Image Credit: Bill Watterson creator of Calvin and Hobbs
For example, there is the near-universal occurrence of a handful of executives reaping monstrous payouts when the company they helped build is sold, while the rest of the employees who likewise helped build it don’t get to meaningfully share in the payout. That imbalance strikes most of us as unfair. That kind of imbalance certainly struck Graham Walker as unfair when he was structuring the sale of the family business.
So, what did Walker do? He did what he thought was fair. Let’s talk about the gift of Graham Walker’s leadership lesson around fairness–a solid example of Better Capitalism in action.
Quick Background
Tucked in the northwest corner of Louisiana is the small city of Minden. With a population approaching 12,000, the economic engine of Minden has long been Fibrebond, a company started in 1982 by Walker’s father. Hurriedly but necessarily, we’ll fast forward through some forty years of dramatic company history, including product pivots in response to market changes, a fire that leveled its factory, rebuilding and restarting while paying idle employees, an almost 2/3 reduction in workforce precipitated by the dot-com bust, and the second generation taking over the family business in the mid-2000s, to arrive at March 2025.

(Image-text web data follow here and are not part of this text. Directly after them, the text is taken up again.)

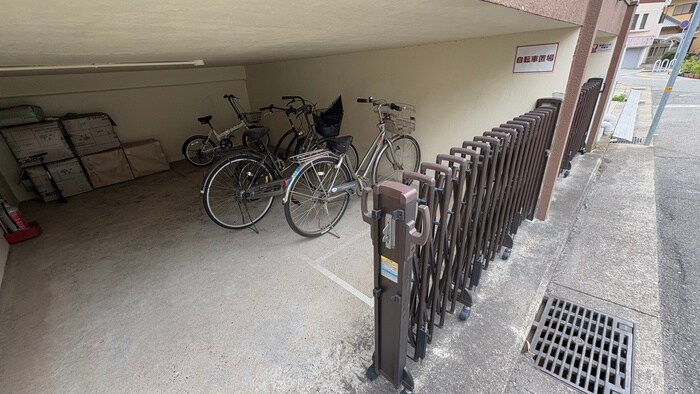 アミティエ山手の物件外観写真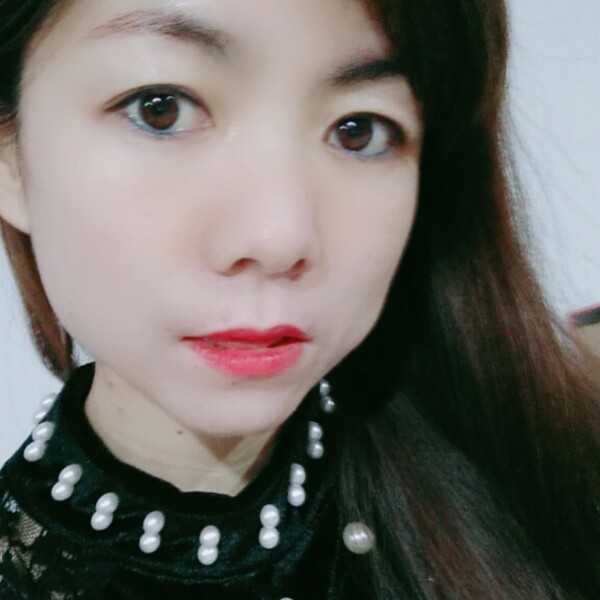 香水英子的照片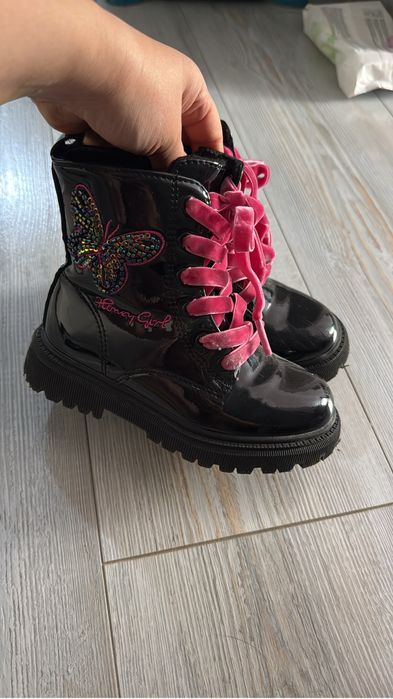 Продам детский обувь б/у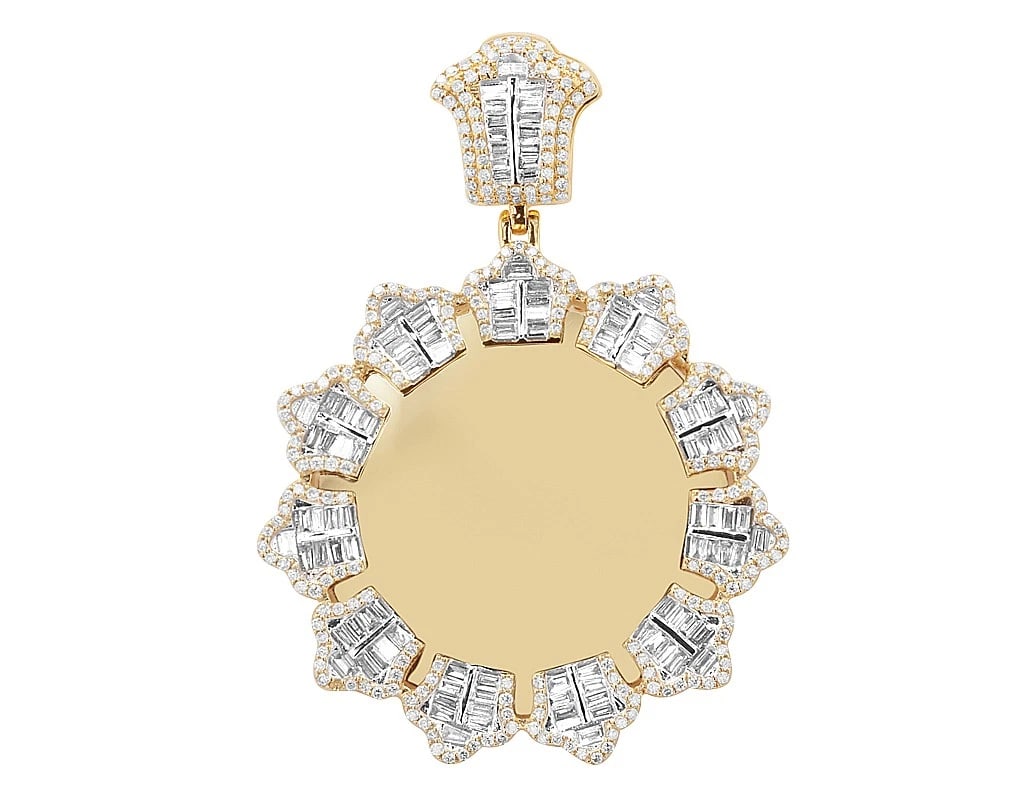 10K YELLOW GOLD ROYAL BAGUETTE DIAMOND ROUND PENDANT: 10K Yellow Gold Royal Baguette Diamond Round Pendant Brand: None Type: Pendant Material: 10K Yellow Gold, Main Stone/Creation Natural Color: Yellow Gold Size: Dimension Diameter 37.3MM Bail 14.6 A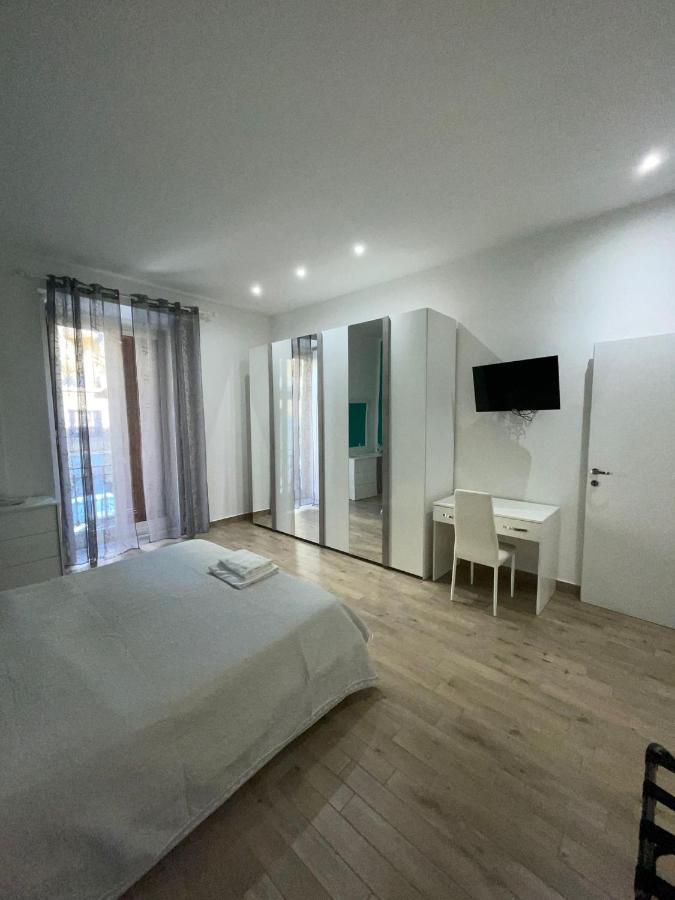 Dormire A Napoli Centro Holiday House Casa Vacanza 外观 照片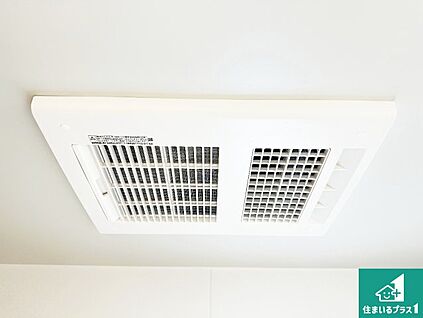 浴室暖房乾燥機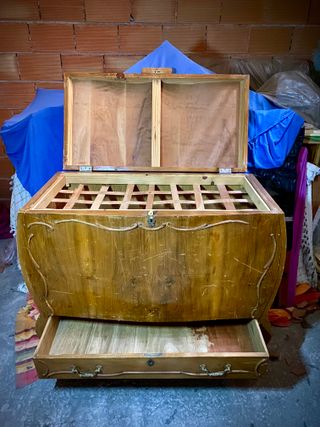 Arcón de madera antiguo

Walker, then President and CEO of Fibrebond, announced the agreement to sell his family-owned company to Eaton. That March 2025 press release quoted Walker as saying:
As a private, family-owned business for 43 years, we understand that credibility and trust empower our relationships with our customers, our employee team, and our supplier partners. Not every company shares our values, but since 2015, Eaton has been a customer that honored their commitments. We are confident that Eaton will carry our vision forward and create new opportunities for the Fibrebond team and our community.
You can read the rest of that press release here.

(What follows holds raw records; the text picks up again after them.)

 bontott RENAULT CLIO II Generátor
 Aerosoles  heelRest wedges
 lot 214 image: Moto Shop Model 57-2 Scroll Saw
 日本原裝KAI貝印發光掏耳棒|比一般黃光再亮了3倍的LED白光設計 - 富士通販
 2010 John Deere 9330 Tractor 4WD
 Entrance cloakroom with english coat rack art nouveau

As first reported by The Wall Street Journal (Gregory Zuckerman, Dec. 27, 2025), what wasn’t announced or common knowledge was Walker’s stipulation that 15% of the sale proceeds would go directly to his employees, none of whom held any equity in the business. A few weeks later, Eaton announced that it paid $1.4 billion to acquire Fibrebond.
Walker wasted no time informing his 540 full-time employees how the $240 million would be shared among them. The payout would average $443,000 per employee–more for employees with long tenures–and would be distributed over a period of five years as long as the employee stayed that long. The first payments began that June, soon after the announcement. The exception was for employees over the age of 65, who had the option of receiving their entire payout without having to stay.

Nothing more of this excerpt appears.